Illinois’ constant rating downgrades have very real costs. The most immediate cost is in the form of more expensive borrowing rates for the state. The government already pays nearly 1.5 percentage points more than what the highest-rated states pay for 10-year bonds. This means hundreds of millions of dollars in additional interest costs over the next decade — money that could be used to lower taxes or pay for education, public safety and infrastructure. Illinois could also use this money to pay down its $100 billion unfunded pension liability.
But the increased cost of state borrowing pales in comparison to the pain suffered by local governments and the people of Illinois. While most of the focus has been on more expensive borrowing for the state, it is important to highlight these dangerous consequences:
- Local governments will be hurt. Credit downgrades don’t just hurt the state government; public universities and local governments will be part of the collateral damage. Just like Illinois, their credit ratings will be dragged down, meaning that loans necessary for investment will be more expensive. The damage from Illinois’ overspending reaches all the way into public classrooms, libraries and other local services. All Illinois citizens — not just public workers — have a stake in reforming the state pension system.
- The state’s economic outlook suffers. The state is already ranked 39th in entrepreneurial activity and 48th in economic outlook by the Kauffman Foundation. Illinois’ credit downgrades and budget crisis make tax hikes more likely, creating an even riskier place for entrepreneurs to establish new businesses.
- Four steps away from “junk bond” status. More downgrades may dramatically worsen the state’s crisis. Illinois’ credit rating is only four steps away from “junk bond” status. “Junk bonds” are considered too risky for many retirement and investment funds. If Illinois reaches this point, these funds will no longer be able to invest in the state’s bonds. Such a downgrade would magnify the consequences of Illinois’ poor credit rating. This would further exacerbate Illinois’ credit and budget crisis.

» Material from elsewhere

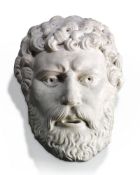 A relief sculpted white marble wall fount modelled as a bearded male visage, possibly a river god,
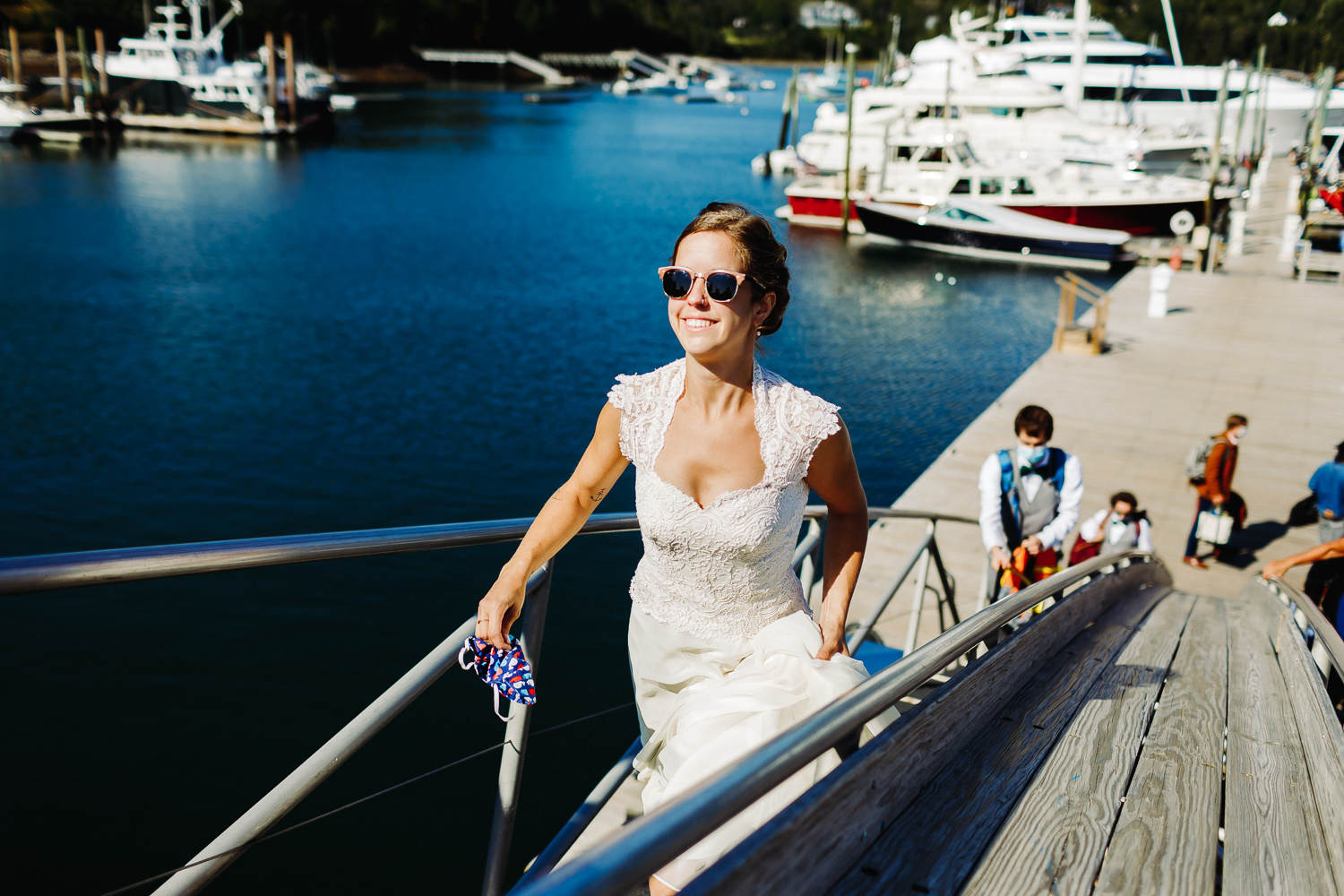 Bride walking up dock for her Sutton Island and Bar Harbor Maine wedding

Until the Illinois General Assembly implements bold solutions, including pension reform, Illinois’ most recent downgrade won’t be its last. Future downgrades could lead state lawmakers to push for even higher taxes and put Illinois on the path to insolvency. The legacy of our current government will be defined by its choice between two divergent paths: higher taxes and stagnant growth, or bold reform and the prosperity that follows.